§ PROMPT: The pictures stay out; everything else in the entries below must be returned exactly.

[GIVEN INFORMATION Boundary: Start]

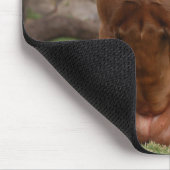 チョコレートラボピットミックス犬の笑顔2 マウスパッド (コーナー)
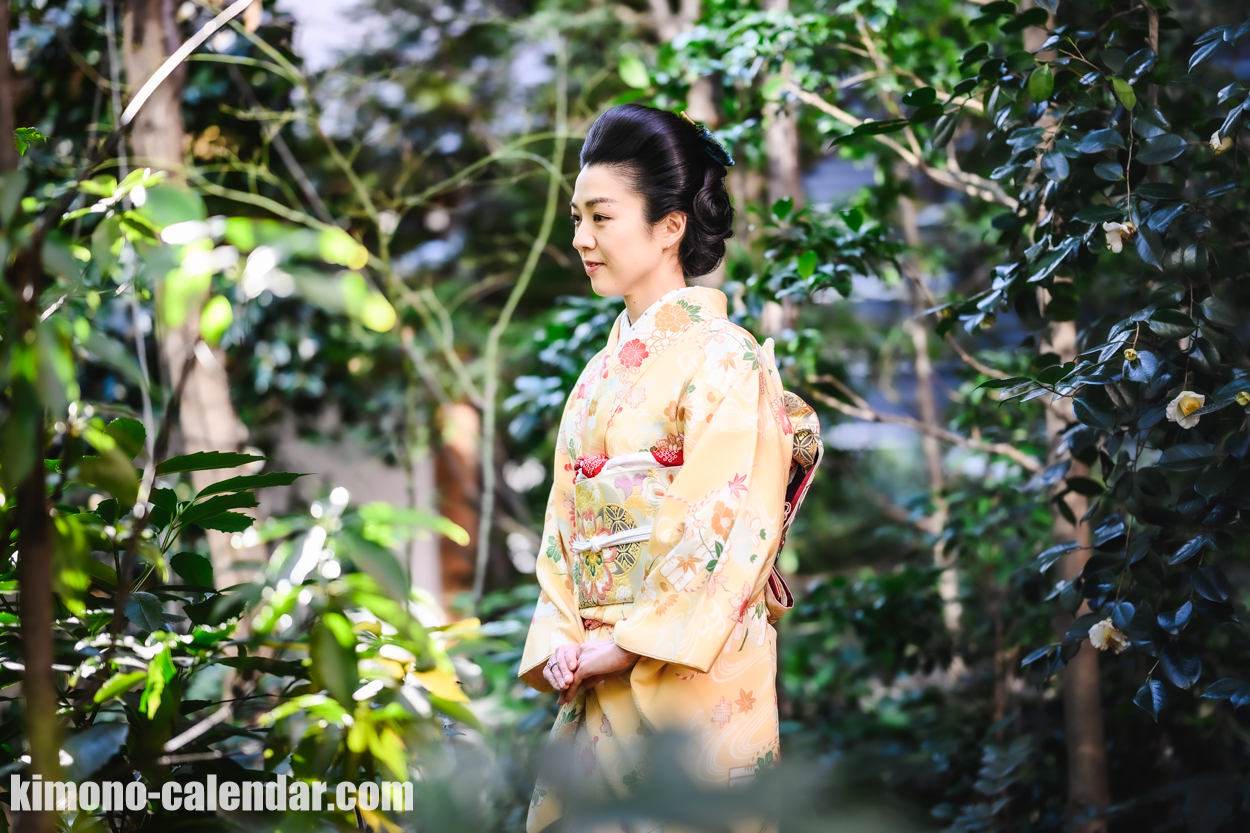 女性の上半身写真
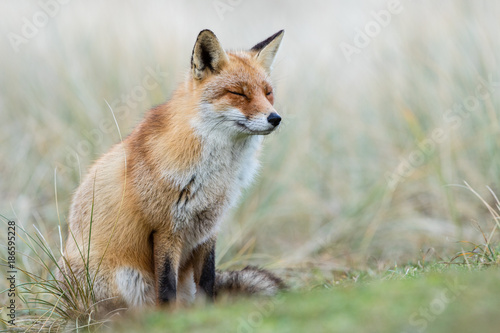 Red Fox in winter habitat © Wim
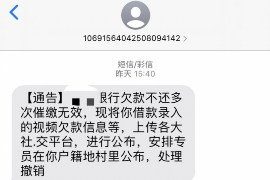 广东为什么选择专业追讨公司来处理您的债务纠纷？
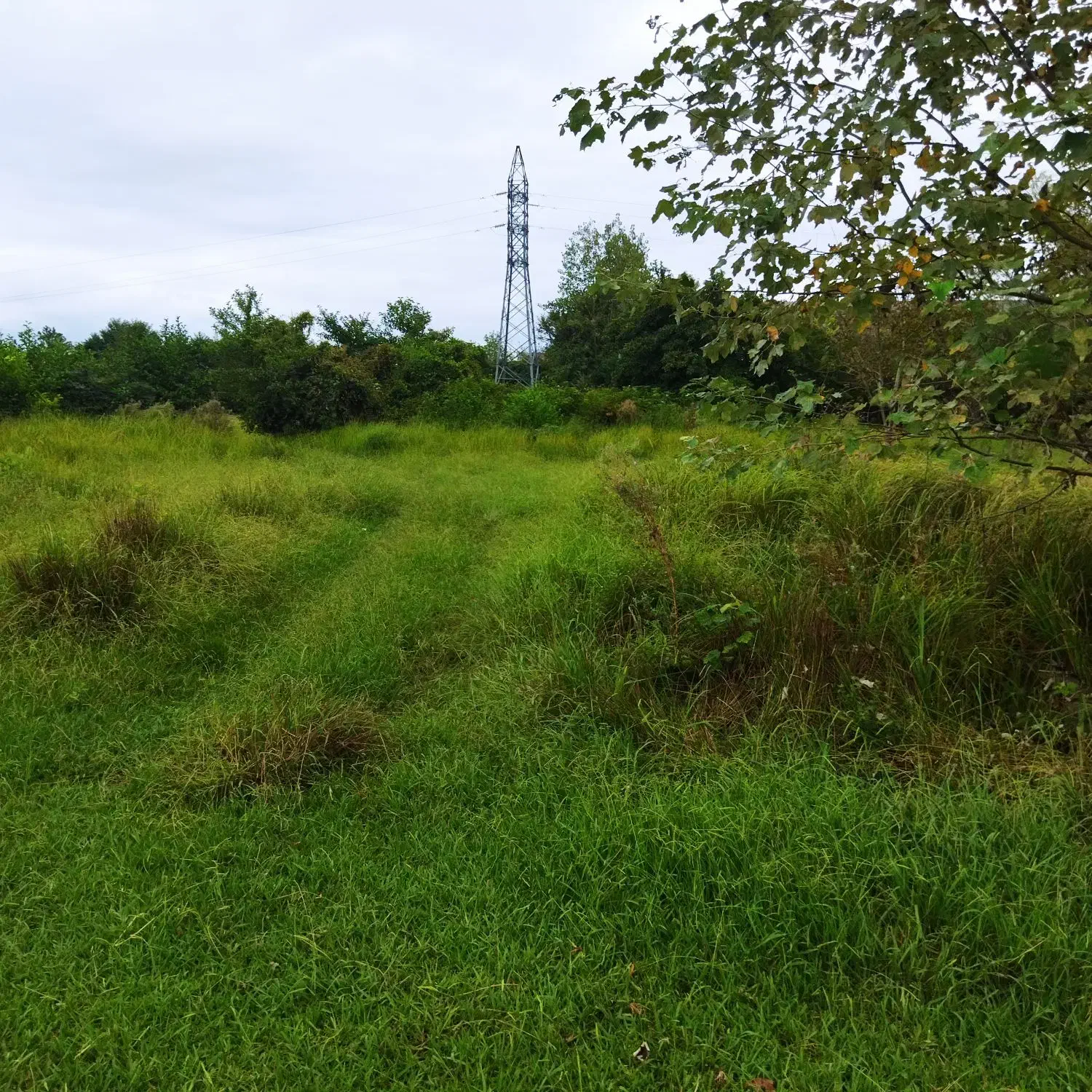 فروش یک قطعه زمین جاده انزلی|فروش زمین و ملک کلنگی|رشت, پیله داربن|دیوار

[GIVEN INFORMATION Boundary: End]

§ EXERCISE OUTPUT:
 チョコレートラボピットミックス犬の笑顔2 マウスパッド (コーナー)
 女性の上半身写真
 Red Fox in winter habitat © Wim
 广东为什么选择专业追讨公司来处理您的债务纠纷？
 فروش یک قطعه زمین جاده انزلی|فروش زمین و ملک کلنگی|رشت, پیله داربن|دیوار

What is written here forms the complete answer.